The competition comes amid significant market dynamics, with Nvidia currently maintaining a $3.4 trillion market valuation and a dominant position in China's AI chip sector. Chinese AI companies heavily rely on Nvidia's GPUs for training large language models, considering them essential for AI development. However, U.S. export controls have created opportunities for domestic alternatives.
Huawei faces technical challenges in this market transition. According to Bernstein's China semiconductor analyst Lin Qinguan, "While the Ascend chips perform well on a per-chip basis, there is a bottleneck with the inter-chip connectivity. While training a big model, you must break it into smaller tasks. If one chip fails, the software needs to figure out a way for the other chips to take over without delay."

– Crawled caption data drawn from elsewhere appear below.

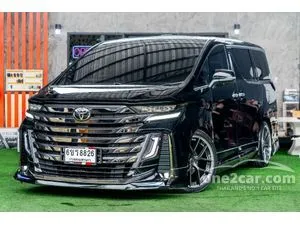 2015 Toyota VELLFIRE 2.5 Hybrid E-Four V Van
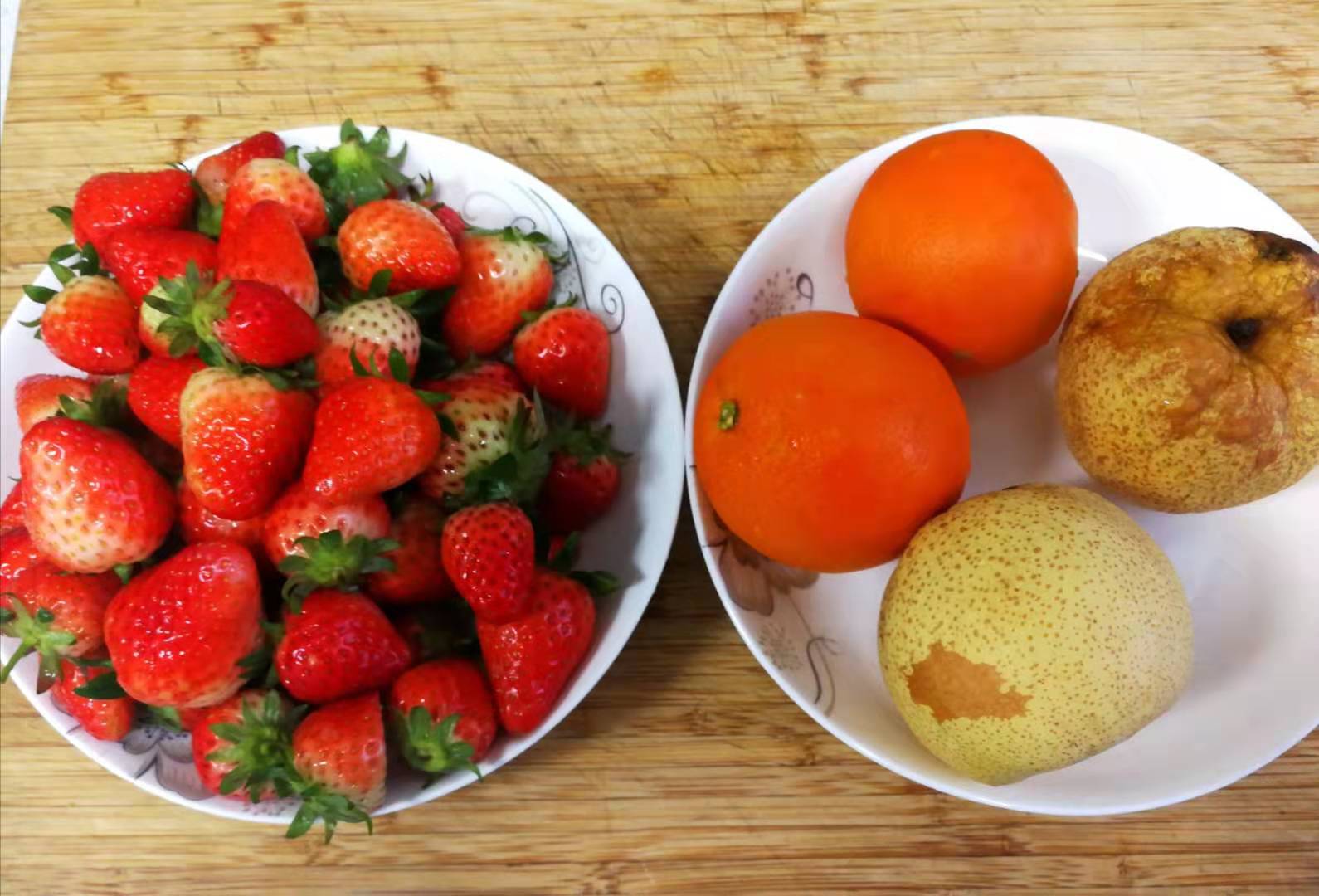 草莓酱怎么吃比较好吃,草莓酱和酸奶能一起吃吗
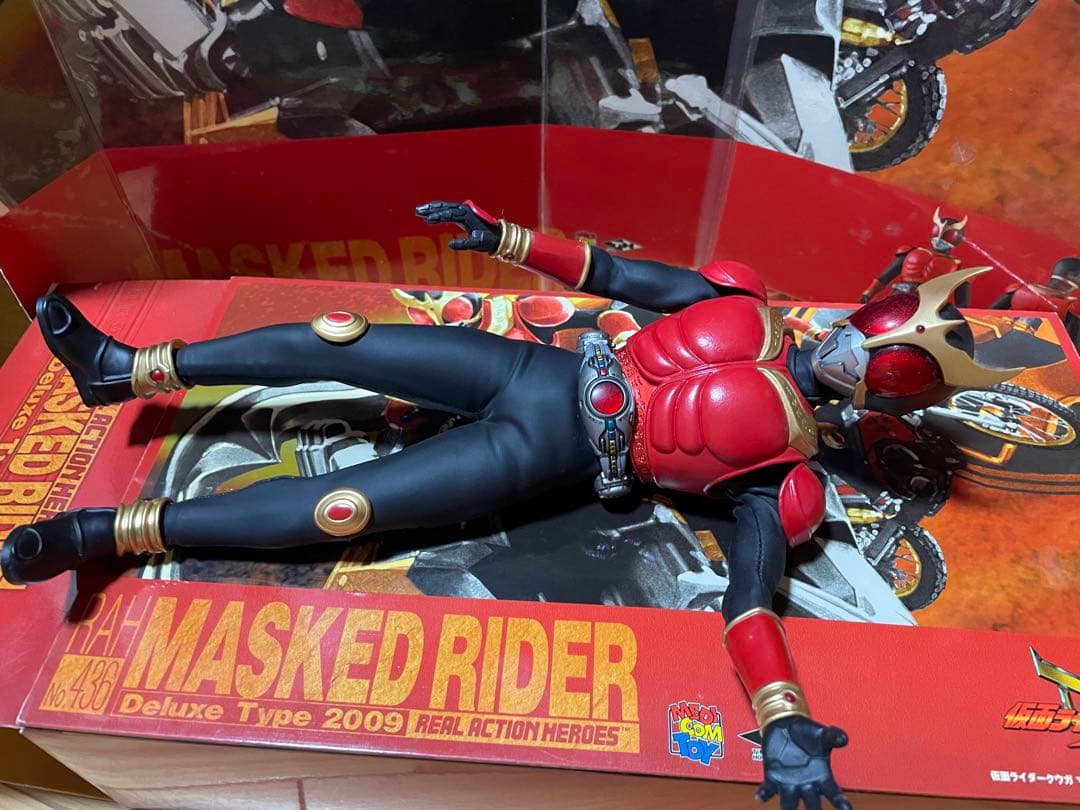 d*7様 ジャンク　RAH 仮面ライダークウガ マイティーフォーム 2009デラ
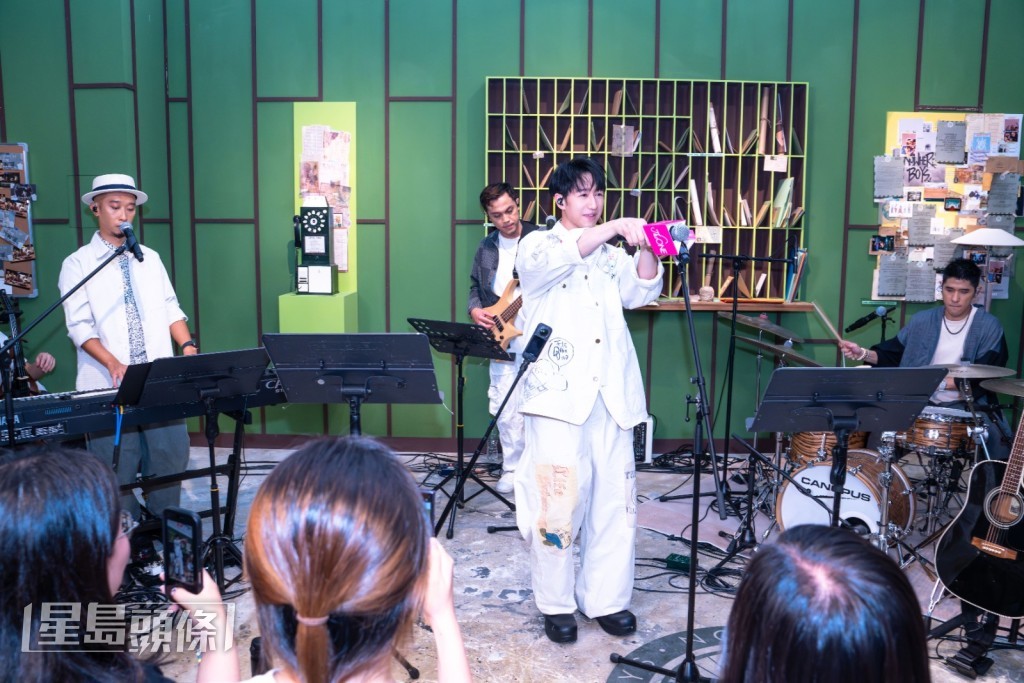 他們邀請馮允謙（Jay）舉行以英文歌做主題的「Music Night With Jay x Nowhere Boys」。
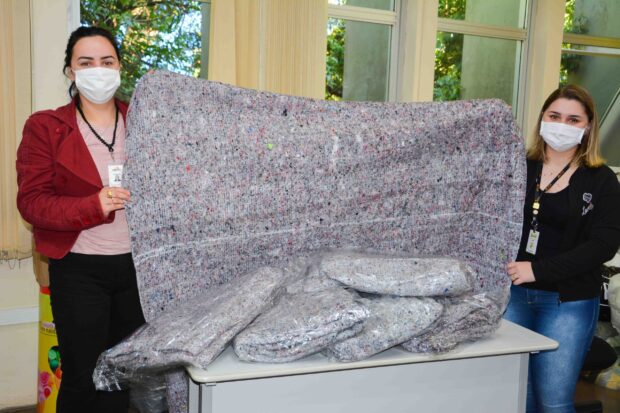 Photo of Campanha Meias do Bem da FALB recebe 40 cobertores para doação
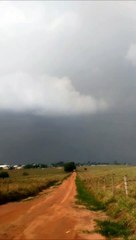 Umuarama tem tarde chuvosa e registra rajadas de vento de até 82,8 km/h nesta sexta-feira 2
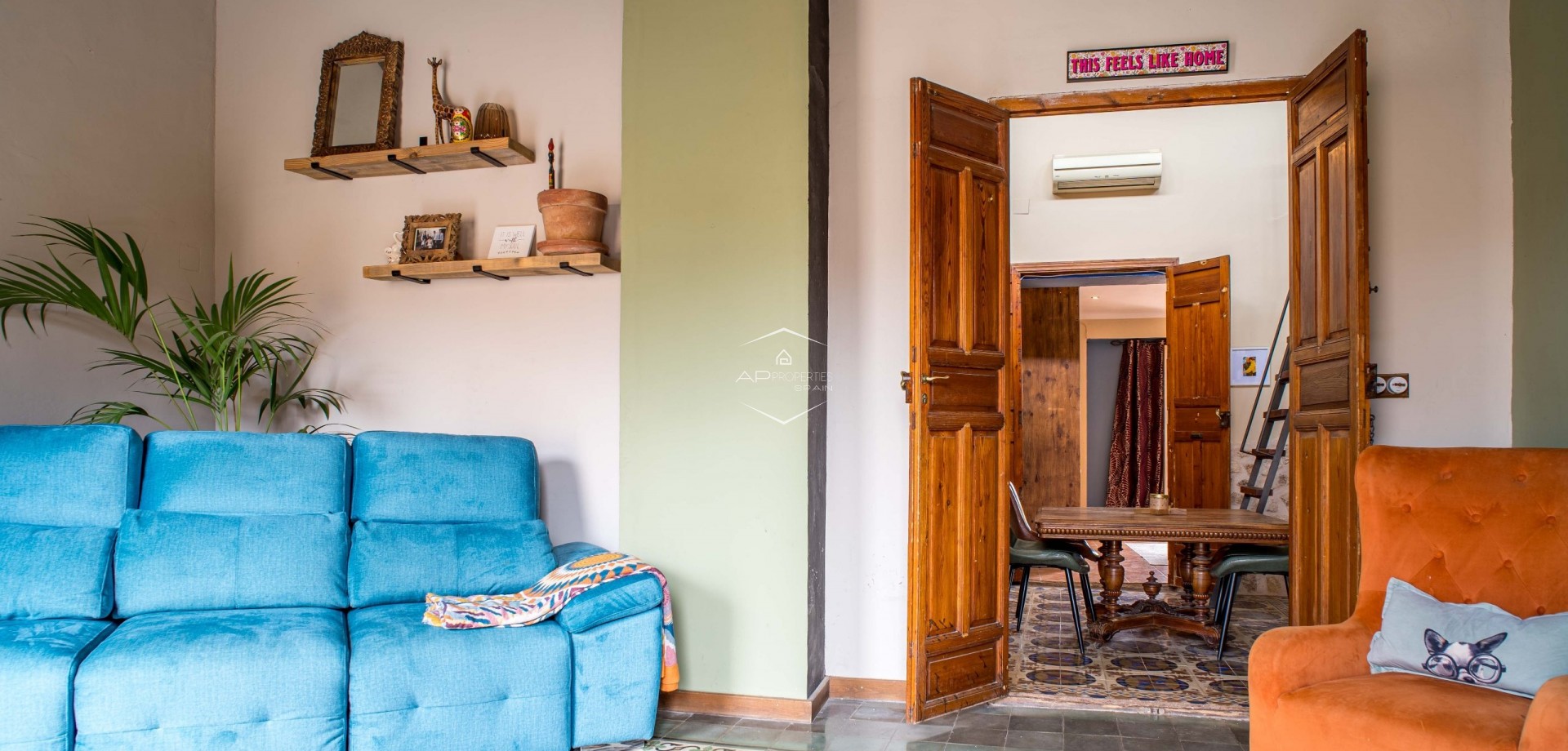 Revente - Maison de ville -
Pinoso - CL MONOVAR 77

A significant hurdle for Huawei lies in persuading Chinese companies to adopt its proprietary software platform instead of Nvidia's widely-used CUDA framework. To address this, Huawei is actively supporting firms in transitioning to alternative software tools that enable their Ascend chips to perform inference tasks effectively.
The Chinese government has thrown its support behind Huawei's initiative, encouraging domestic companies to prioritize Huawei's AI chipsets over Nvidia's offerings. Industry insiders now regard Huawei as "the most serious competitor" to Nvidia within China, particularly given their advancing chip design capabilities.
Huawei's latest development, the Ascend 910C processor, aims to address limitations found in previous generations. The success of this initiative could reshape the competitive landscape of China's AI chip market, though the outcome remains uncertain.